Le décret n° 2018-1319 du 28 décembre 2018 a, de plus, ouvert aux membres des corps de commandement et des corps d'encadrement et d'application (CEA) de l'administration pénitentiaire le bénéfice de deux dispositifs : une prime de fidélisation, d'un montant de 1 000 euros, versée après trois ans d'exercice des fonctions au sein de l'un des vingt-huit établissements ou services, répertoriés dans une liste, dans lesquels les difficultés de recrutement sont particulièrement importantes ; une prime de fidélisation versée aux lauréats d'un concours national de surveillants à affectation locale, divisée en trois fractions (4 000 euros lors de l'affectation, 1 000 euros après trois années d'exercice des fonctions et 3 000 euros à l'issue de la cinquième année d'exercice).
D'autres mesures, pour un montant de 8,3 millions d'euros en 2020, découlent de la mise en oeuvre du protocole d'accord relatif aux parcours professionnels, aux carrières et aux rémunérations (PPCR) de 2016. Elles consistent en des mesures de revalorisation et de transformation de primes en points d'indice. Le décret n° 2017-1009 du 10 mai 2017 modifiant les statuts particuliers de divers corps de l'administration pénitentiaire a en outre rénové la grille indiciaire des directeurs pénitentiaires d'insertion et de probation, des conseillers pénitentiaires d'insertion et de probation ainsi que des personnels techniques des services déconcentrés.
Votre rapporteur se félicite du montant conséquent consacré à ces mesures catégorielles, sans être certain toutefois qu'elles suffisent à répondre à la crise des vocations que connaissent les métiers pénitentiaires. Les personnes entendues par votre rapporteur ont souligné que les jeunes recrutés dans les corps de direction tendent à les quitter pour se faire embaucher dans les services préfectoraux ou dans la magistrature. Concernant les surveillants, la faible rémunération, surtout au regard du coût du logement pour les fonctionnaires débutants affectés en Ile-de-France, et la difficulté du métier sont à l'origine de difficultés de recrutement qui conduisent à réduire le niveau d'exigence au moment du concours.

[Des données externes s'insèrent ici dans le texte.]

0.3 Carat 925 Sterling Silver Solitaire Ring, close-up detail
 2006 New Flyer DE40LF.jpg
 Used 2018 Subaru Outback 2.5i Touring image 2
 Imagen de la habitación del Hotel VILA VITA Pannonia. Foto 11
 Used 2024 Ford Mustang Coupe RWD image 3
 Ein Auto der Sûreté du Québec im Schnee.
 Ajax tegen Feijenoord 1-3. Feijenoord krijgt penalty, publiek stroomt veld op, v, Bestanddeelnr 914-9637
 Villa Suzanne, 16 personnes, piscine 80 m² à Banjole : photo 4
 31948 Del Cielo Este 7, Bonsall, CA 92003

Il est vraisemblable que des réformes plus structurelles sont requises pour remédier à ces problèmes d'attractivité des métiers.
* 5 Il s'agit bien de créations nettes d'emplois, 2 694 recrutements étant par ailleurs prévus pour compenser les départs.
* 6 À titre de comparaison, Pôle emploi s'est fixé comme objectif que chaque conseiller ne suive pas plus de 70 demandeurs d'emploi très éloignés de l'emploi. La plupart des personnes suivies par les CPIP sont particulièrement éloignées de l'emploi.